VIOLATION: TISSUE AND EYE BANK AGREEMENTS Tag No: A0887
Based on interview and record review the facility failed to ensure there was an agreement with a tissue bank or eye bank.

Findings include:

Review of the "Organ Donation" policy /procedure, dated 04/2008, revealed instructions on what to do in the event a patient meets the criteria for organ donation. There was no mention of the agreements the facility had with at least (1) tissue bank and (1) eye bank.
Review of a facility "Organ, tissue, eye procurement Action Plan" dated 01/05/12 revealed the hospital needed a written agreement with an Organ Procurement Organization.
During an interview on 01/29/13 at 12:50p.m., Staff #17 revealed they did not have an agreement with a tissue bank or eye bank.
VIOLATION: PATIENT RIGHTS: GRIEVANCES Tag No: A0118
Based on observation, document review and interview, the facility failed to develop a patient grievance process.

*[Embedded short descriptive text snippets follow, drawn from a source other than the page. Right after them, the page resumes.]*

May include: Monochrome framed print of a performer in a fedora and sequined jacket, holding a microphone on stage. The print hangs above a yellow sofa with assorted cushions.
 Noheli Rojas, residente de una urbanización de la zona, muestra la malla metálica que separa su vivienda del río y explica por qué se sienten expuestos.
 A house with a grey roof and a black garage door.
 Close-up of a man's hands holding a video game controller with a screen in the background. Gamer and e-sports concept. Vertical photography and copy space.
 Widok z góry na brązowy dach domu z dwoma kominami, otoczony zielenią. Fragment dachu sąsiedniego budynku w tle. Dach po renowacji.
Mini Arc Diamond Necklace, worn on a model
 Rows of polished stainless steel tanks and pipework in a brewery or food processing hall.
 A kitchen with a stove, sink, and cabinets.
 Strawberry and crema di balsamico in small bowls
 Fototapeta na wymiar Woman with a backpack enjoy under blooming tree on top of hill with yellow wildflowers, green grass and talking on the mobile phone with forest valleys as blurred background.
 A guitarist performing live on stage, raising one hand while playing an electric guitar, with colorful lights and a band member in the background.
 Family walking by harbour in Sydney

During an observation of the registration process for patient #32 on 01/29/2013 at approximately 8:40 AM, staff #11 placed several documents in front of the patient and pointed out areas for the patients to sign. The only instructions given were these are consents for treatment. No information regarding patient rights or contact information for filing a grievance was provided to the patient. The patient left the admission area with no paperwork in hand.

During a review of the documents staff #11 had patient #32 sign revealed the patient had been given a copy of patient rights. Further review of the documents provided to the patient for signature revealed no information of the grievance process or whom to contact if a grievance needed to be filed.

During an interview with staff #10, the staff member was asked to review with surveyor the admission process and show what signatures are requested of the patient. Three admission packets were reviewed, surgery pack, outpatient pack and inpatient/emergency room packet. None of the three packets contained references to the grievance process or who to contact if a grievance needed to be filed. Staff confirmed patients did not receive information of the facility's grievance process. Each packet reviewed contained the statement, "I hereby acknowledge that I received a copy on the Center's Patient Rights." Staff acknowledged that all patients sign this statement. The surveyor asked for a copy of the "Patient Rights." Staff member asked, "What Patient Rights?"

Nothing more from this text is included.